Bhatt also says you may need extra coverage if you want protection from floods, earthquakes, landslides and other forms of earth movement. Standard homeowners insurance usually doesn’t cover you in these events.

Your mortgage company might require you to buy additional insurance

When you finance a home, your lender typically requires you to carry homeowners insurance to protect its investment. If you make less than a 20% down payment on a conventional loan, you might have to carry mortgage insurance. However, there are also situations where additional disaster coverage may be necessary.

“If you apply for a mortgage in a high-risk flood zone in FEMA’s maps,” says Bhatt, “your lender will require you to purchase flood insurance, in addition to standard homeowners insurance. The requirement extends to a loan issued by any federally regulated financial institution, which includes most lenders, including banks, credit unions and nonbanks.”

As a renter, you may need separate disaster insurance

When you rent a home or apartment, you’re not typically responsible for any structural damage to a property. But the insurance your landlord carries won’t cover your personal belongings. A standard renters policy might not be sufficient to cover you for certain types of natural disasters either.
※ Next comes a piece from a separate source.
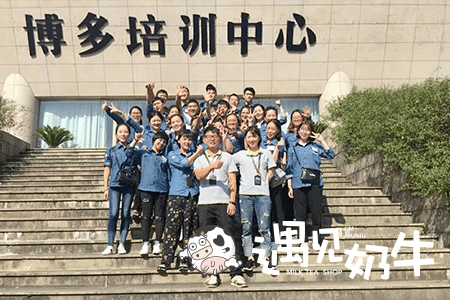 遇见奶牛加盟商培训基地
“Renters insurance usually doesn’t cover damage your items sustain in a flood, earthquake or other excluded cause,” Bhatt says. “But contents coverage, which covers your possessions, is widely available for flood insurance, and some companies also offer contents-only earthquake insurance for renters.”

LendingTree researchers analyzed the U.S. Census Bureau 2022 American Community Survey (with one-year estimates) to determine the percentage of owner-occupied properties with and without fire, hazard or flood insurance.

Our study refers to this as disaster insurance based on the Census Bureau description that these are “policies that protect the property and its contents against loss due to damage by fire, lightning, winds, hail, flood, explosion, and so on.” We’re using this as an overarching term for insurance protections for disasters rather than a specific type of product. The Census Bureau has asked the same questions related to disaster insurance since 1996.

We divided the number of owner-occupied properties with disaster insurance by the total number of owner-occupied properties to determine the share of homes with this insurance. We multiplied average annual disaster insurance premiums by the number of owner-occupied properties with disaster insurance to determine total disaster insurance premiums paid.

We used average household incomes among those with and without disaster insurance to determine the percentage of household income that goes toward this insurance and calculate the percentage change between both.

Finally, we used average property values among those with and without disaster insurance to calculate the percentage change between both.